Researchers found slight variations in how you walk could be enough to tell augmented reality devices what you want to do.
Computer science professor Daniel Vogel at the university was inspired while he was on a walk that is part of his regular routine – ordering Starbucks remotely on the way.
“I pull up my phone and I have mitts on. I have to take them off, I fumble with it, it’s very cold. And I thought there has to be another way,” said Vogel.
He always wants to think one step ahead, so he looked toward his feet.
“The idea is to change subtly the way you walk to control this digital information. I don’t have to take my phone out. I can leave my mittens on,” he said.
With hands occupied, it can take something as simple as the tap of a foot or a slower stride to mimic how we’d usually select commands with our hands.

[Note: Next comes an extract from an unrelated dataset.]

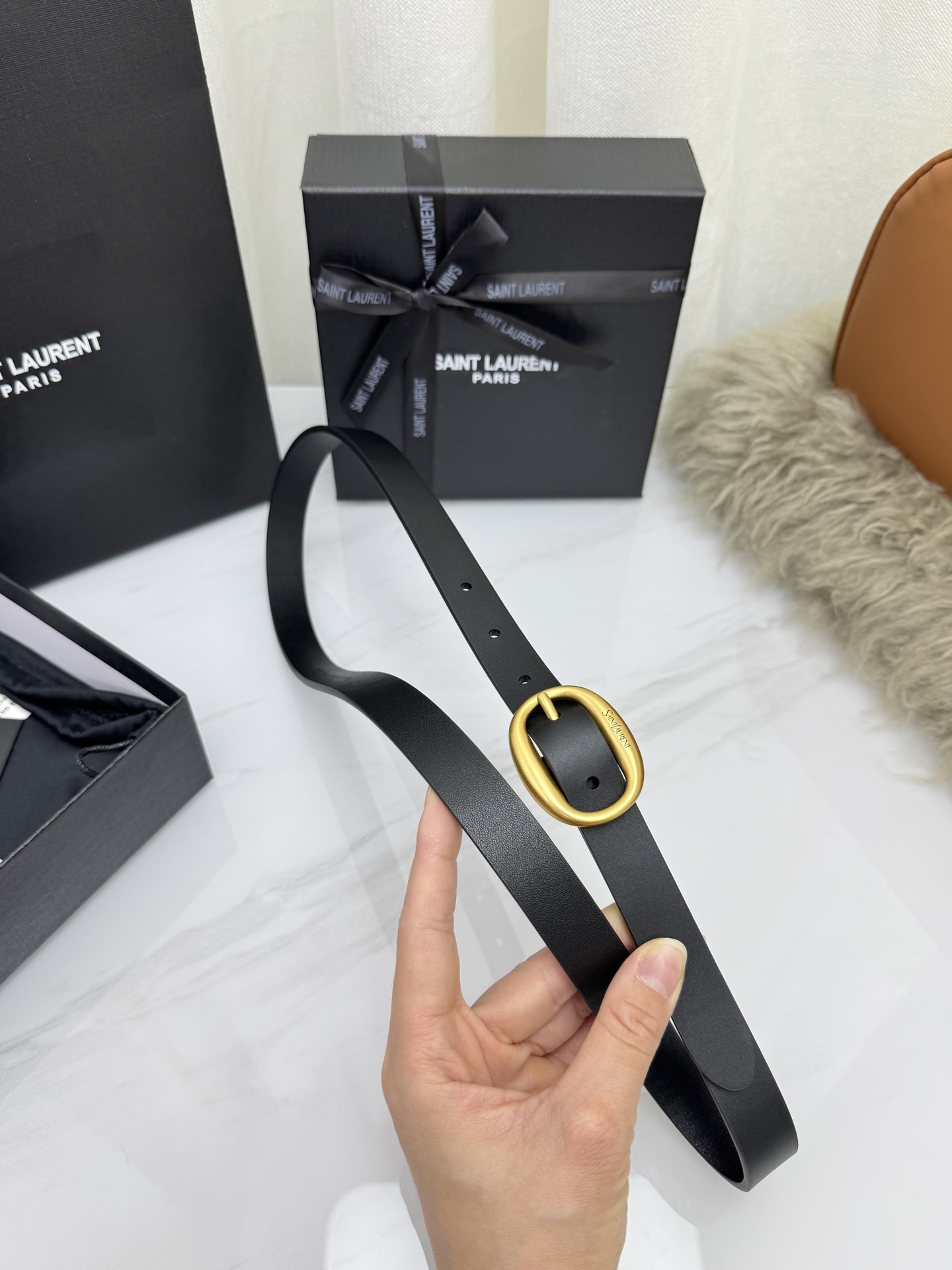 Saint Laurent 圣罗兰女士腰带皮带 原厂真金电渡扣头，意大利原厂皮，宽2.0cm，代购级。
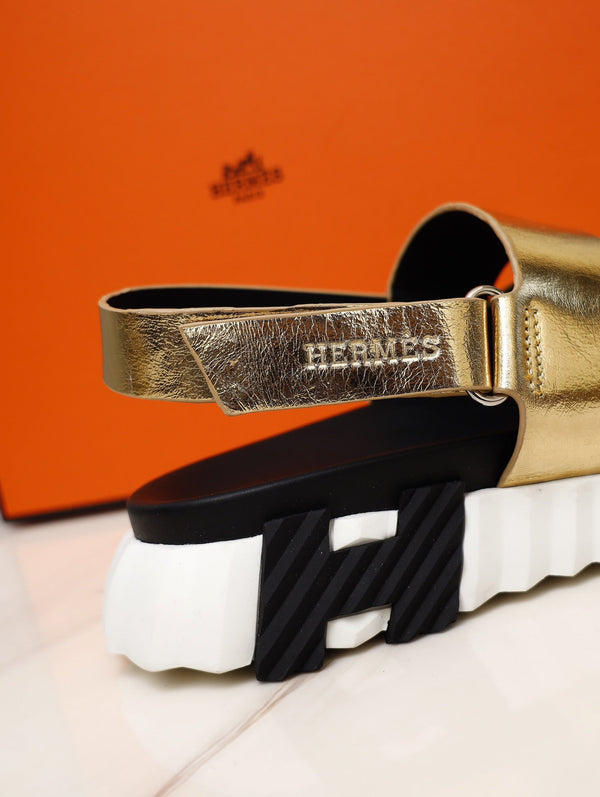 HM ELECTRIC SANDAL  METALLIC GOLD CALFSKIN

This method allows for movements that draw a little less attention than someone in a big headset waving their arms and hands around to make a selection.
The goal is to focus on normal gait gestures – the intentional variants in how you walk.
But there is a fine line.
“Using your foot might be risky because in some way, it’s maybe less socially acceptable [if people exaggerate the movements] like Monty Python’s walk,” said lead author and former visiting scholar at UW Ching-Yi Tsai.
Although, it seems like the researchers have found techniques to make the futuristic feet movements look rather normal. The tests have shown they can be used for several different simple tasks too.
“Scrolling through a web page or scrolling through a menu, scrolling through a list of apps, adjusting the brightness or … volume,” said Tsai.
As augmented reality glasses inch closer to mainstream use, the researchers have shown what is possible and that this concept has legs.